Admiral Hex: Right? Yep, that sounds good. I'm just going to type the next question here. Um, so not sure if you might have already seen this question. It's quite a common one, but yeah, still good practice. So let's say we are given two sparse vectors and we want to compute the dot product. So we have to implement a class called sparse vector where you give it the vector and it sort of initializes the object. And this class also has a dot product function where you can give it another sparse vector and it will compute the dot product between these two sparse vectors. And just for clarity, like a sparse vector is a vector that has mostly zero values. So the idea behind this question is you should find some representation to store the sparse vector efficiently, and that also allows you to compute the dot product efficiently.
Ferocious Singularity: Okay, so I guess, how large are these sparse vectors? Why, I ask, is mostly like, what if I just keep the coordinate of each point? So it'd be three, I guess, integers the value value and then like rc for each point. But obviously if it's.
Admiral Hex: They'Re like, it's a one dimensional thing, right? These are vectors, they're not matrix.
Ferocious Singularity: Oh yeah, sorry. It's a vector. You're right. So it would just be, yeah, then it would just be valued by index, right?
Admiral Hex: Right.
Ferocious Singularity: If it's sparse enough, even though it's two points, if it's very sparse then all you need to do is.
Admiral Hex: Do.
Ferocious Singularity: Like a hash map. Index equals valve.
Admiral Hex: Right. And then how would you, and then.
Ferocious Singularity: The product would just be, for you would just loop through the indexes in the hash map. It would be zero if there's not a matching index on the other vector. And so you could just take either one of the hash maps, loop through the elements, and then multiply it by the corresponding index in the second vector.
Admiral Hex: Right.
Ferocious Singularity: Should I write that out?

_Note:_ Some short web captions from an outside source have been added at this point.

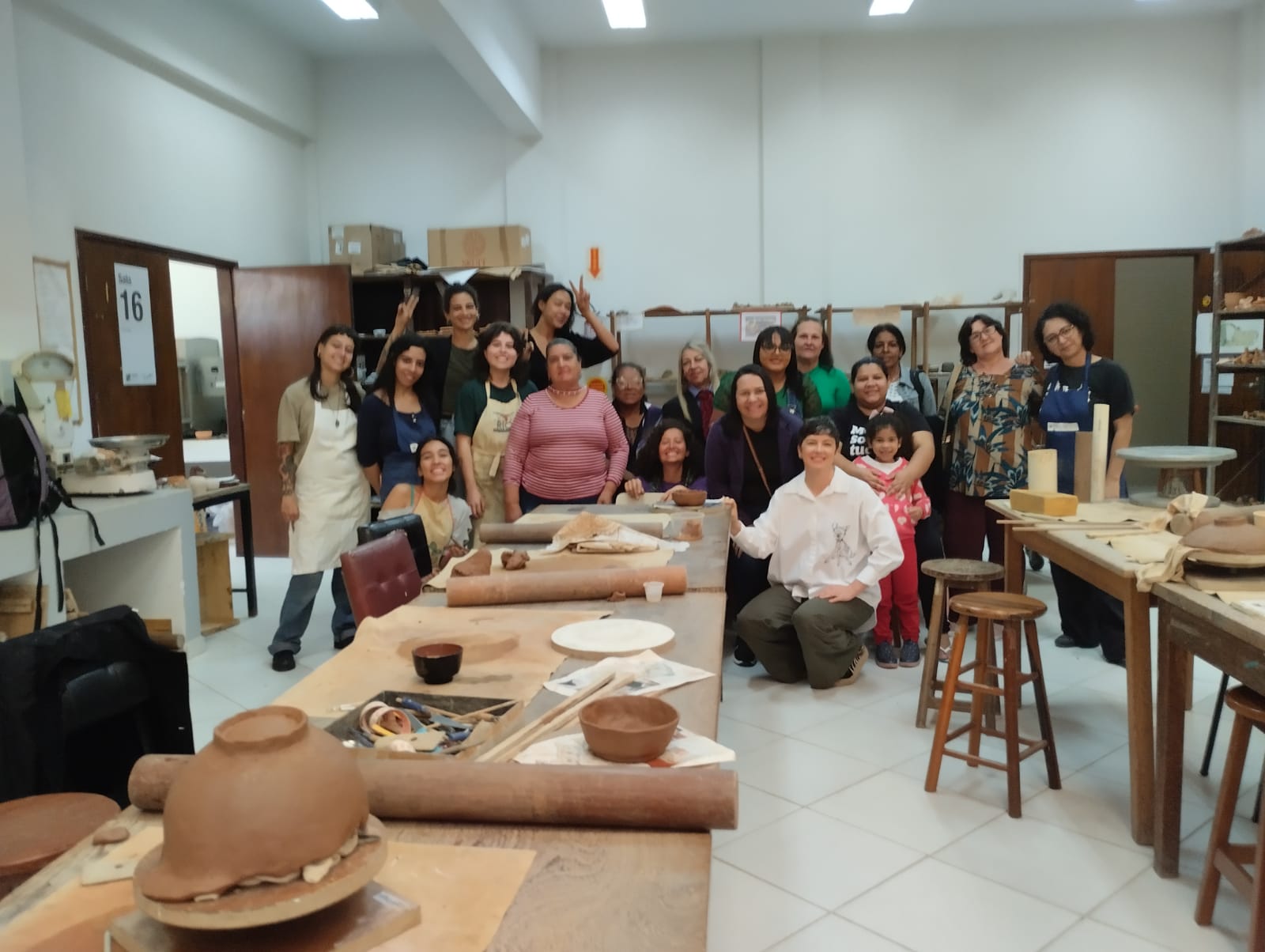 <h4>Projeto: <br />
<br />
<strong>Ammo - Oficina de Cerâmica com a Associação de Mulheres do Monte Cristo</strong><br />
<em>Programa de extensão realizado pelo: NupeArt Promove, Ceart Colaborativo e Laboratório Interdisciplinar de Formação de Educadores (LIFE).<br />
Coordenação da Oficina: Professora Drª. Luzia Renata Yamazaki</em></h4>
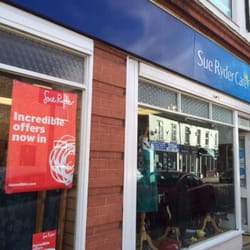 Sue Ryder Care - Shop front (while trying to avoid the cars)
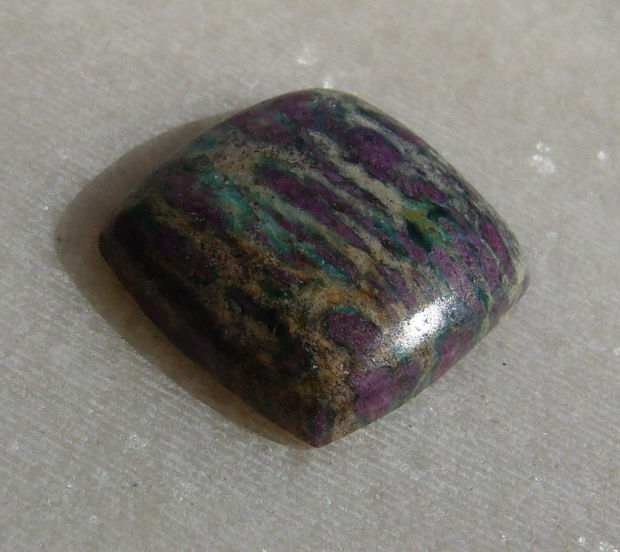 Cabochon rubin in fucsit (INDIA - lucrat manual) aprox 11.5x11x5 mm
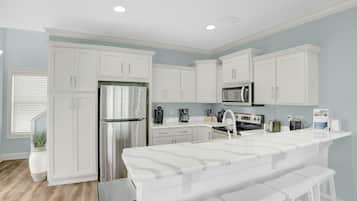 Køleskab, mikrobølgeovn, ovn, kogeplade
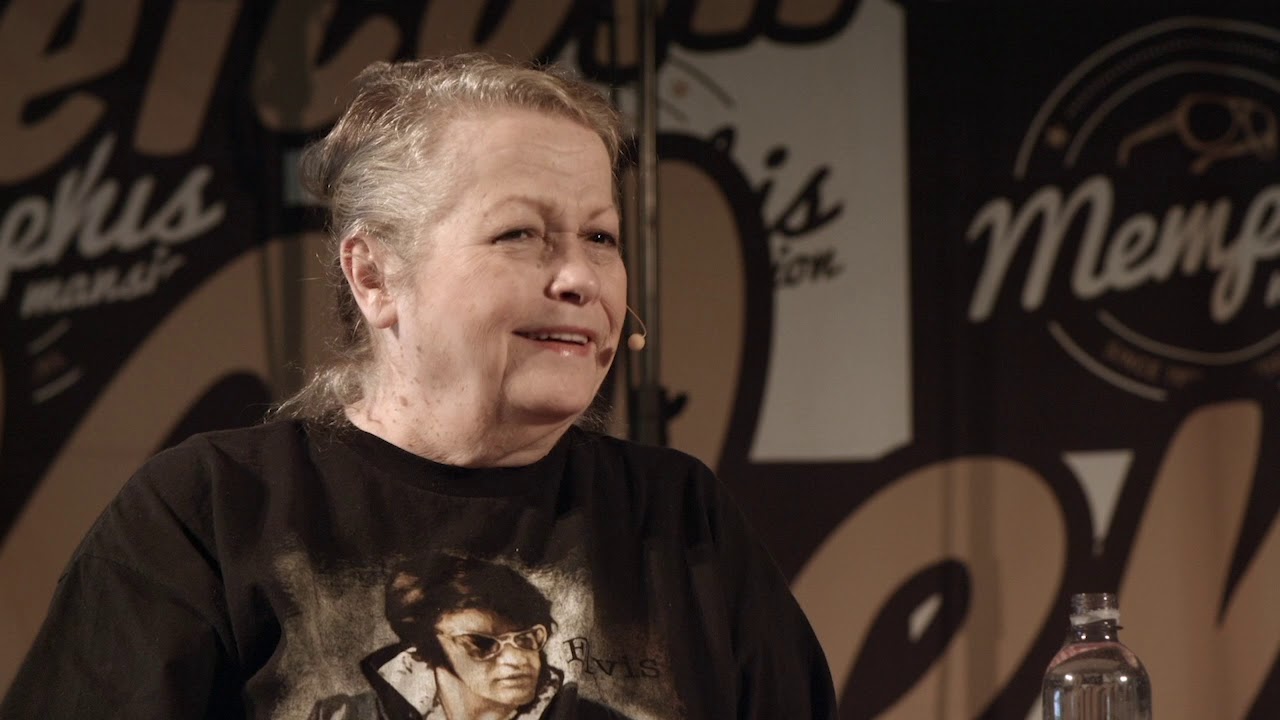 A Talk about Elvis Presley - Shirley Connell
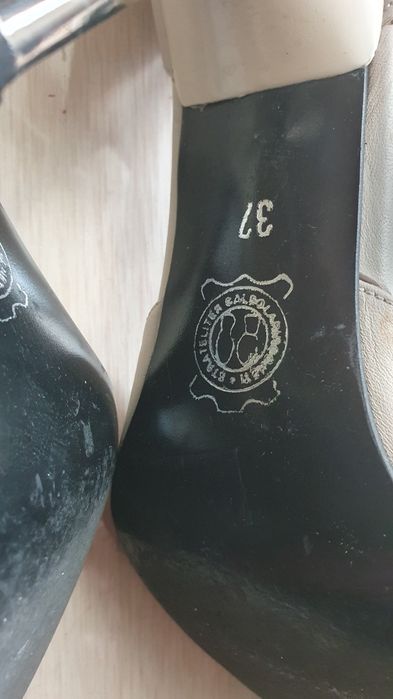 Отдам даром кожанные туфли  размер 37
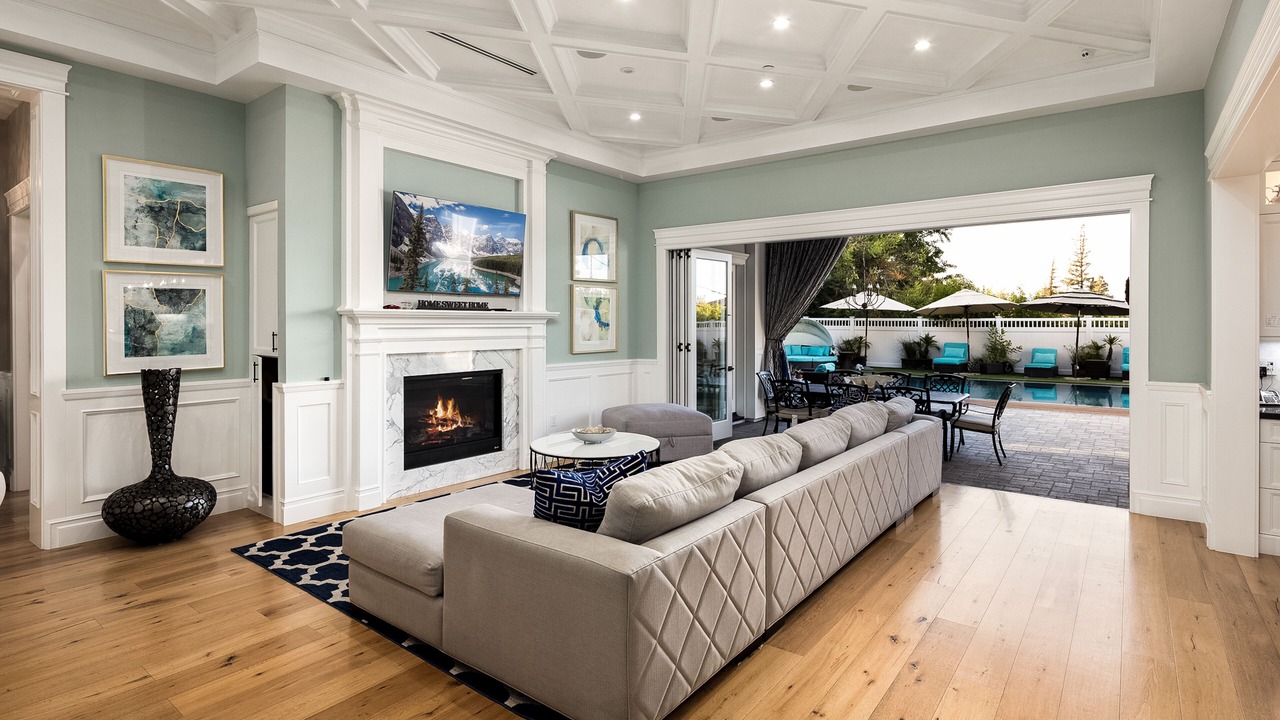 Photo of Livingroom in Tarzana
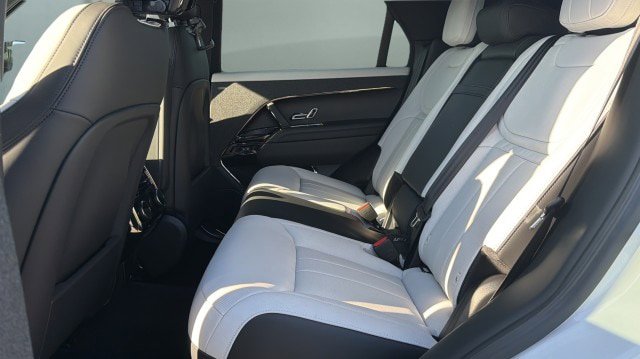 New 2026 Land Rover Range Rover Sport Dynamic SE image 19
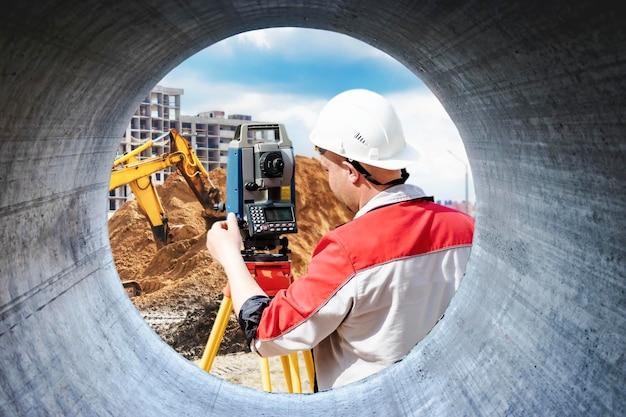 Who do building surveyors interact with? 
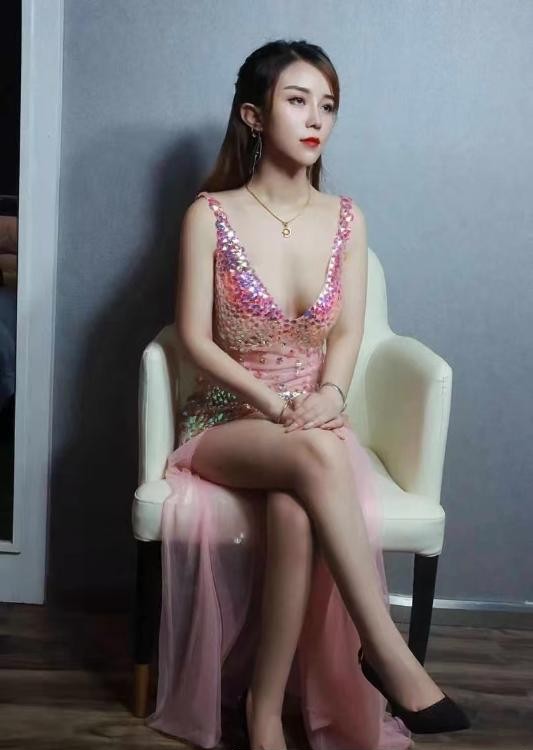 娇小型好服务姐姐
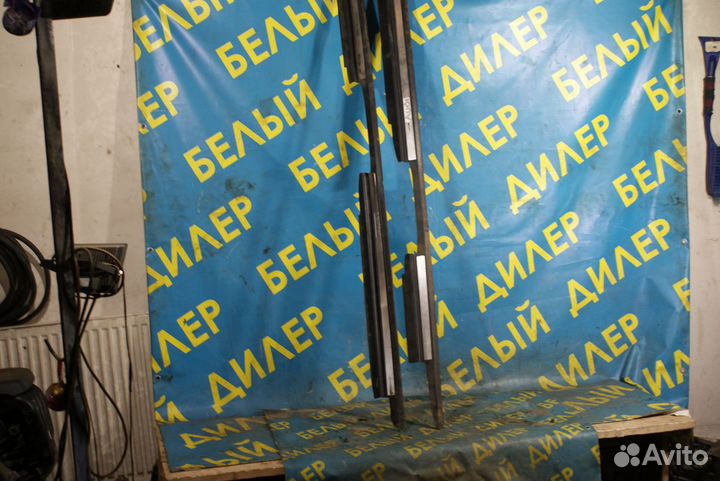 Внутренняя накладка на порог Audi A6 C5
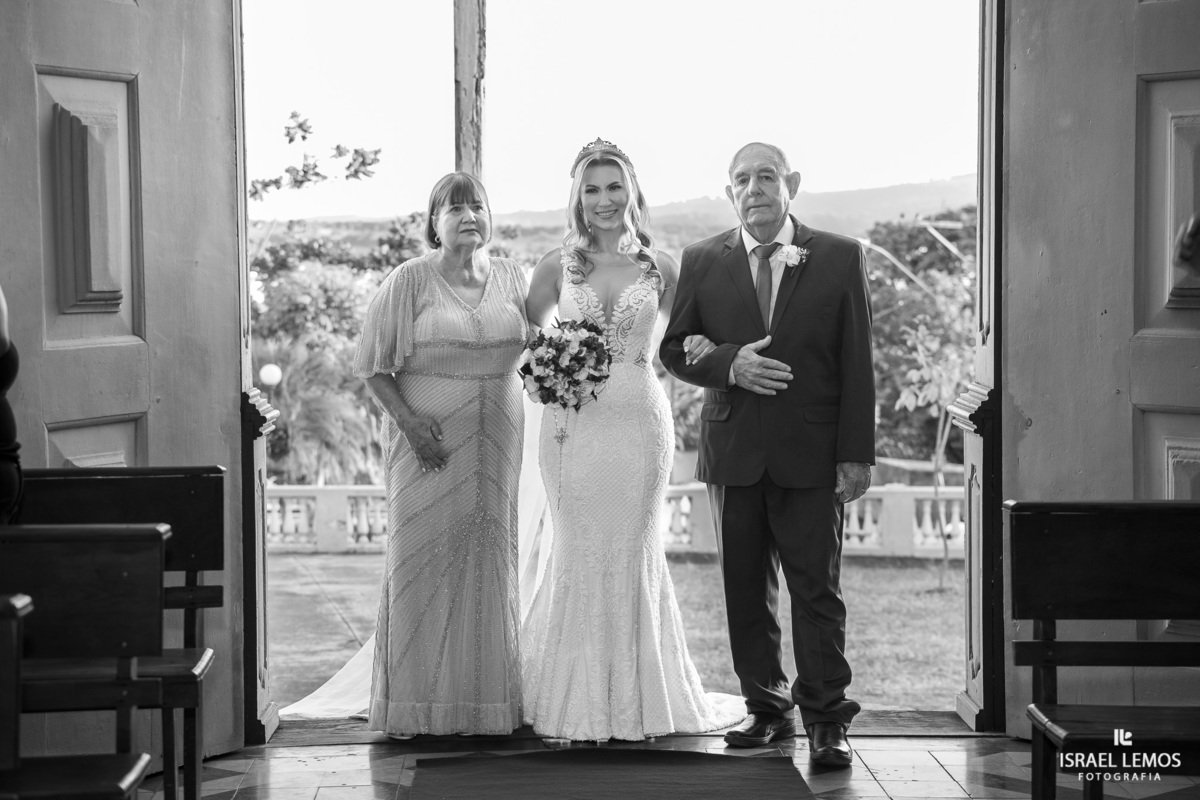 fotografia de casamento na cidade de pitangui na igreja de sao Francisco 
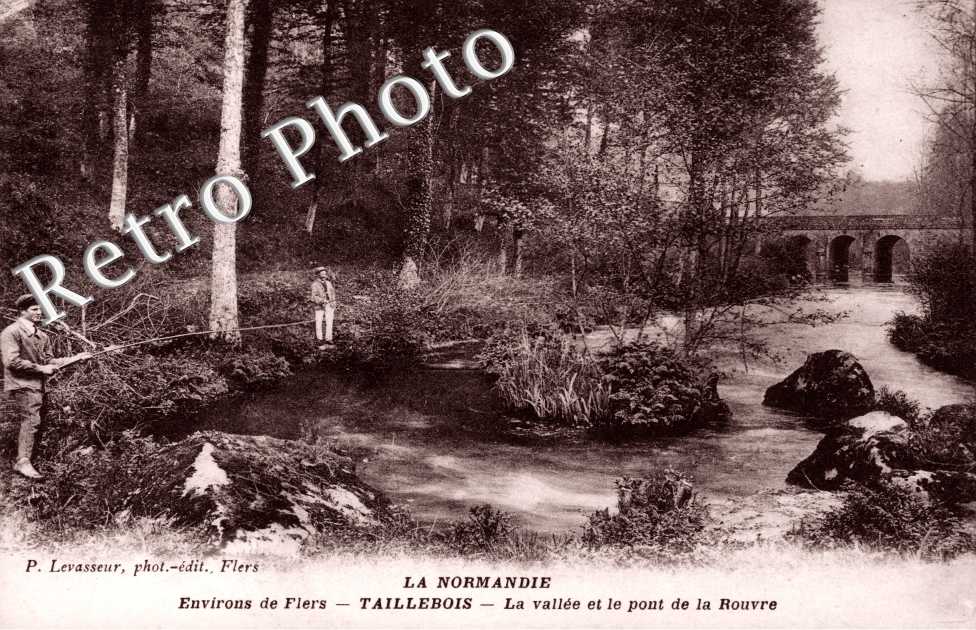 la Vallee et le Pont de la Rouvre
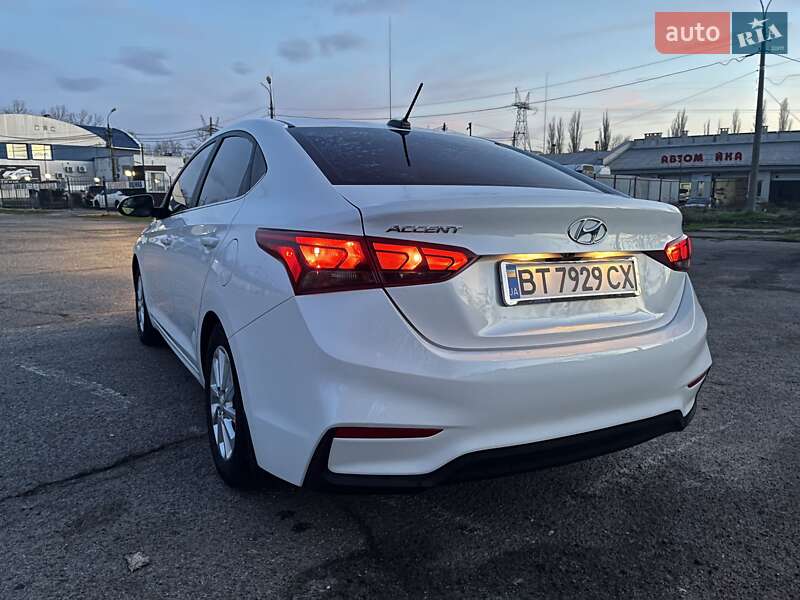 Седан Hyundai Accent 2020 в Николаеве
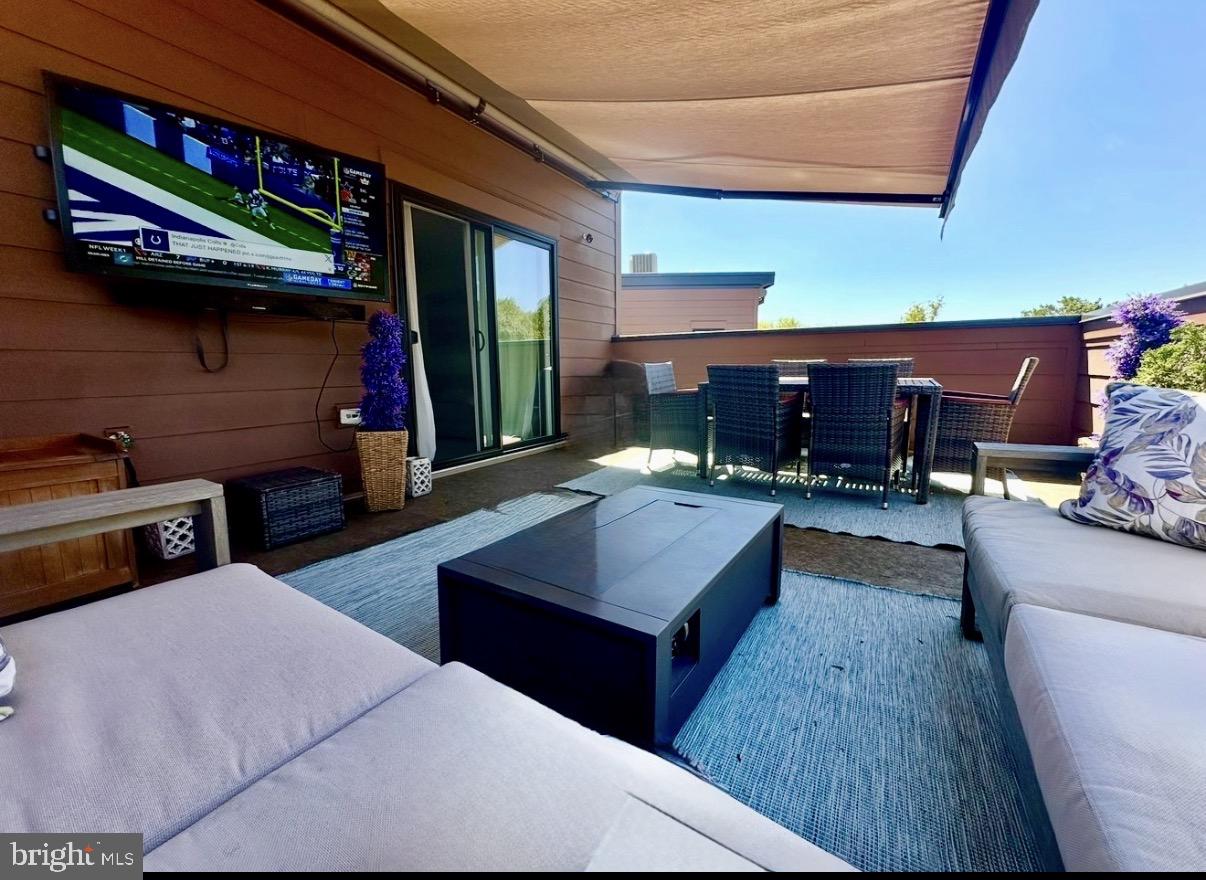 TOWER OAKS - Residential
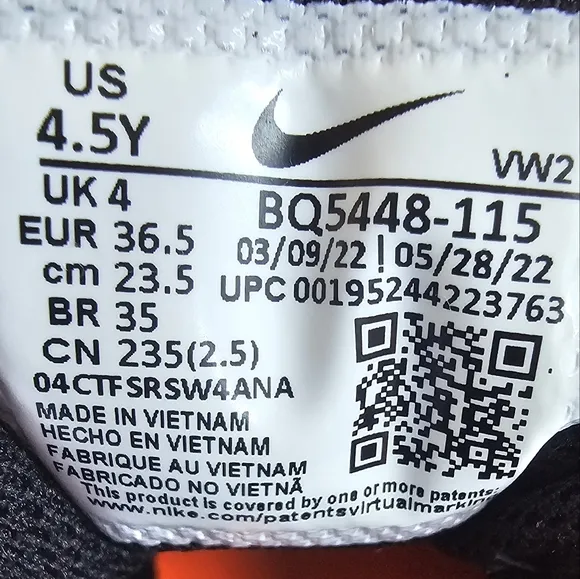 Nike Kids Court Borough Low Recraft White, Total Orange &amp; Black Shoes. New w/box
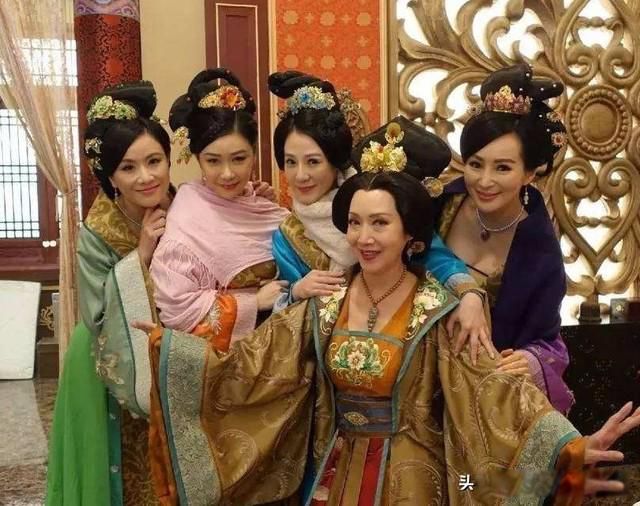 Τ̫��һ��Ӵ��˶����� ����������ϴ��Ժ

Admiral Hex: What's the time complexity of this approach?
Ferocious Singularity: Converting the vectors to a hashmap would take on time with n being the number of elements for each vector. And then the dot product would be o n as well. Assuming the vector is not actually sparse, that'll be like the minimum of the number of elements with values other than zero in the vector. All right, between. So for creating sparse vector, o n, element product will be. We could do min v one, v two.
Admiral Hex: What is the possible drawback of using a hash map?
Ferocious Singularity: The one that immediately comes to mind right now is just, if it's less than 50% sparse, I'll be using more memory this way.
Admiral Hex: How will you use more? Okay, because your memory size is the number of keys. Right?
Ferocious Singularity: Yeah. And so I'm essentially storing two.
Admiral Hex: Um, it's a really sparse, uh, vector, like hugely high dimensional, and it's very sparse.
Ferocious Singularity: Okay.
Admiral Hex: So, yeah, yeah.
Ferocious Singularity: Then if it's truly sparse, then that shouldn't be an issue.
Admiral Hex: Um, the space is not an issue, but, um, what is the time complexity of a lookup in a hash map?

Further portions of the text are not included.